■ **SOURCE RECORDS**

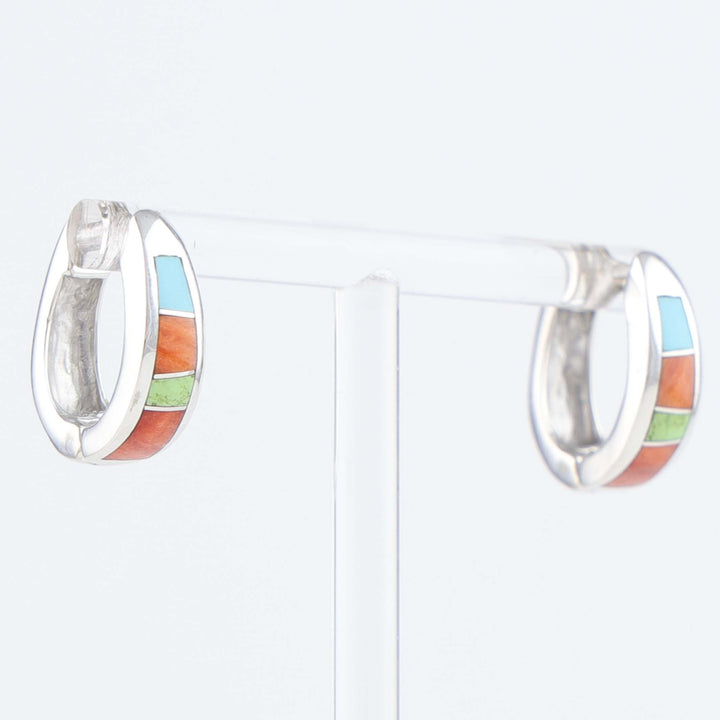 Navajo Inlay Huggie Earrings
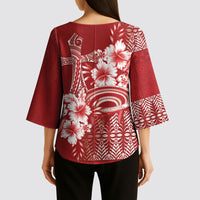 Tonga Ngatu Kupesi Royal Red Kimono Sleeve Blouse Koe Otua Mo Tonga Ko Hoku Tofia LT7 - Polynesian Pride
==
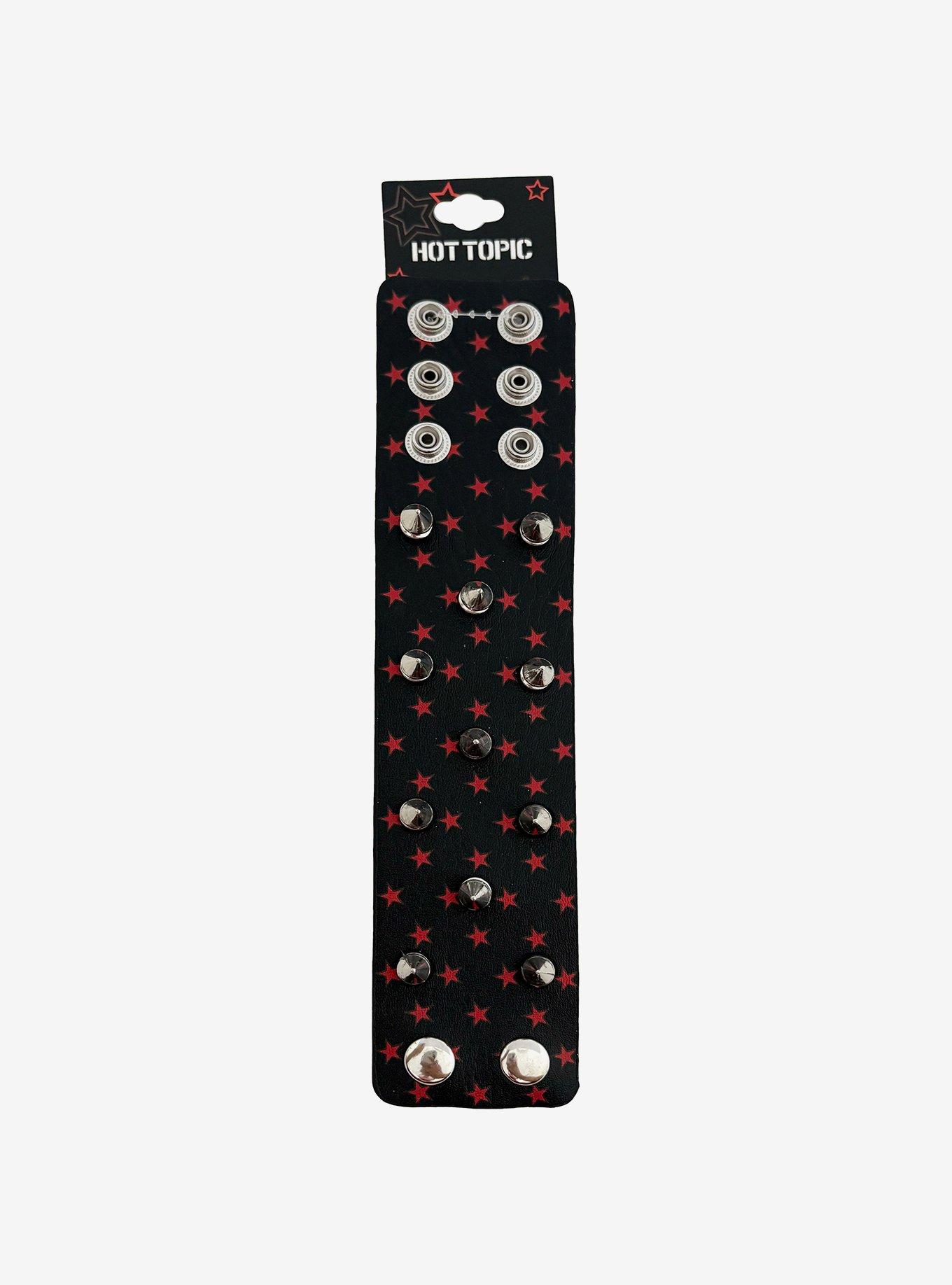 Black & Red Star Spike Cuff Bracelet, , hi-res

■ **WORK ORDER**
With the pictures omitted, restate word for word the lines above from the line that has "Navajo Inlay Huggie Earrings" up to and including the line that has "Tonga Ngatu Kupesi", and no other lines.

■ **RESPONSE TO THIS TASK**
 Navajo Inlay Huggie Earrings
 Tonga Ngatu Kupesi Royal Red Kimono Sleeve Blouse Koe Otua Mo Tonga Ko Hoku Tofia LT7 - Polynesian Pride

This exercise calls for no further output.